● TASK DESCRIPTION
Leaving out all pictures, write out word for word the lines from the one containing "El actor Andrés" to the end of the data below.

● INPUT DATA
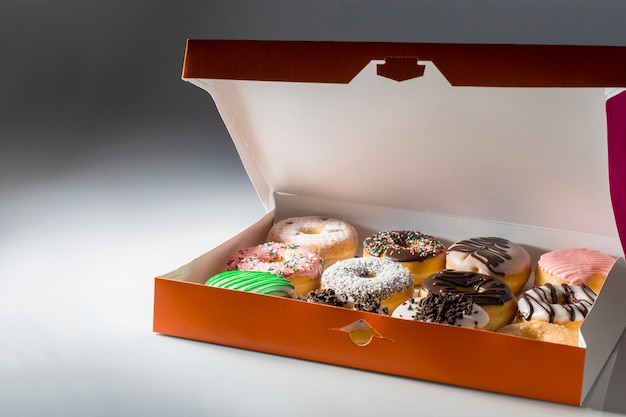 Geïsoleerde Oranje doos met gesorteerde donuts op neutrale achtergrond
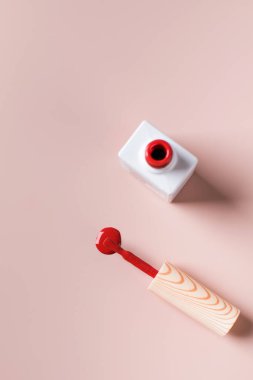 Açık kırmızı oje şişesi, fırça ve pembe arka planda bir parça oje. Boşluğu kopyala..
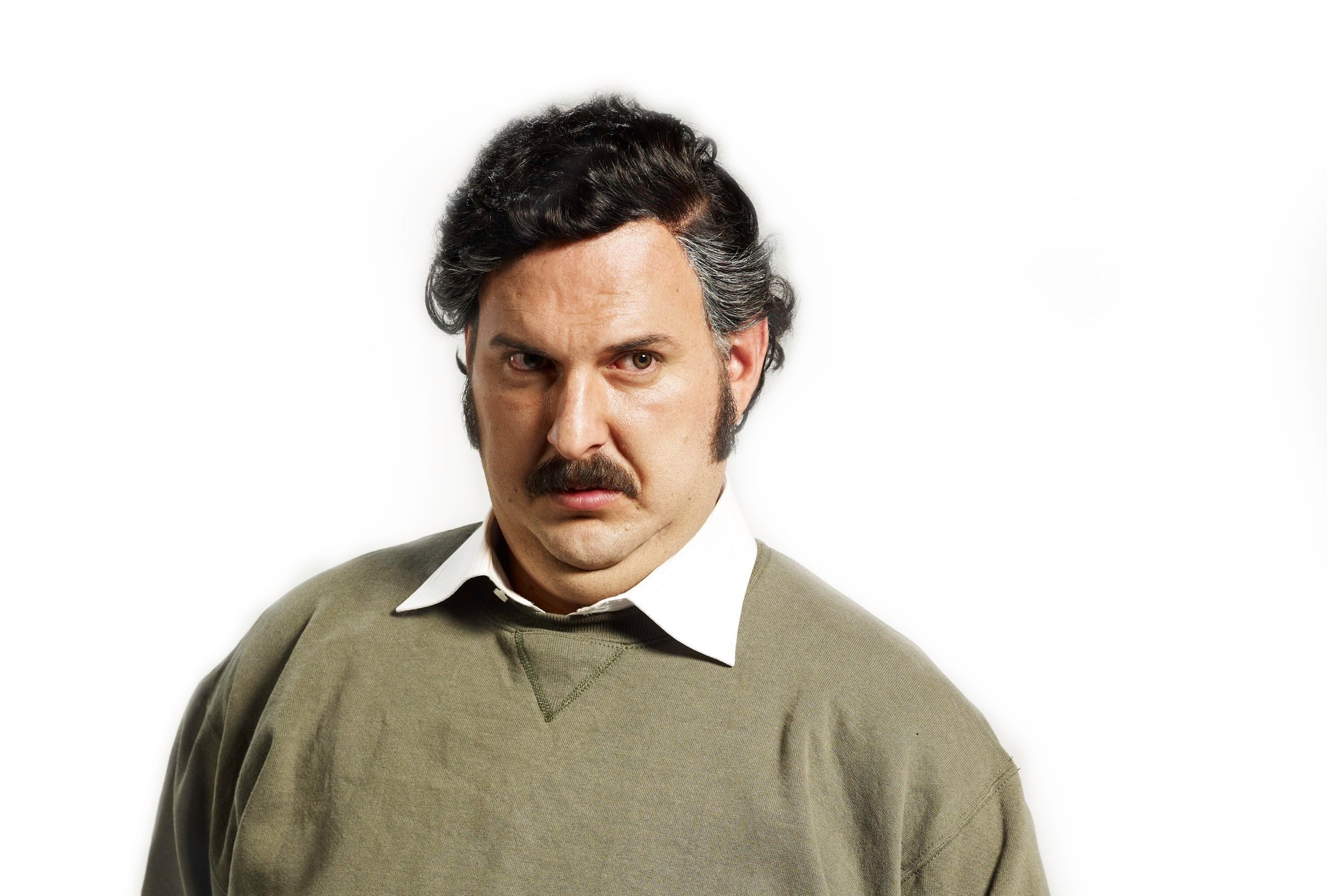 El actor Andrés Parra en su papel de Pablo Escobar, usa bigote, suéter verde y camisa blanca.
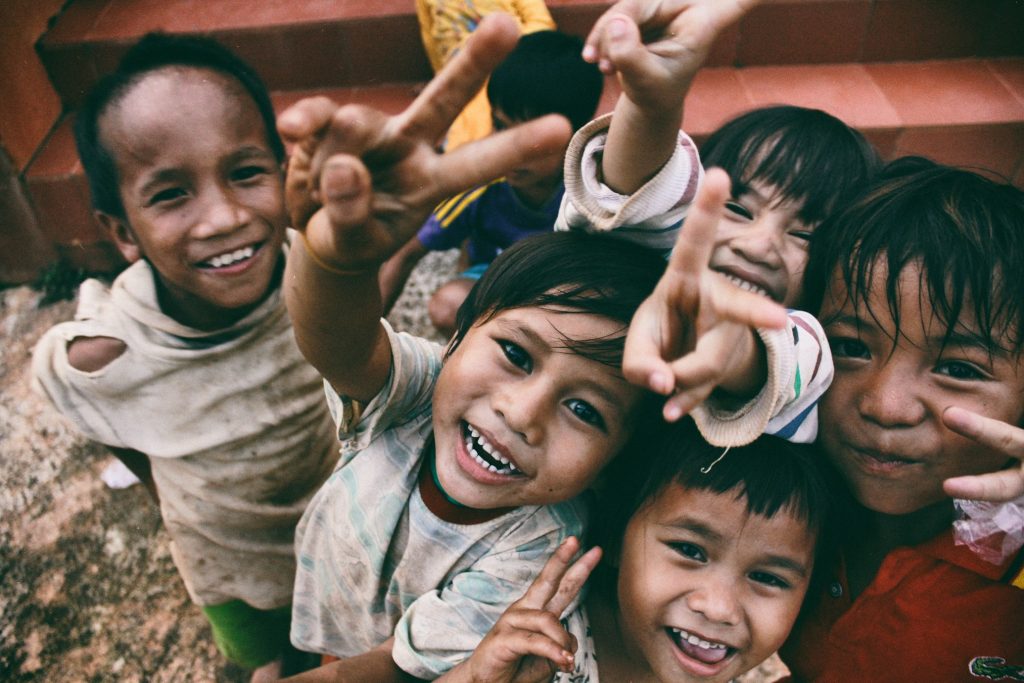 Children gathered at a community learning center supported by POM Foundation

● OUTPUT OF THE TASK
 El actor Andrés Parra en su papel de Pablo Escobar, usa bigote, suéter verde y camisa blanca.
 Children gathered at a community learning center supported by POM Foundation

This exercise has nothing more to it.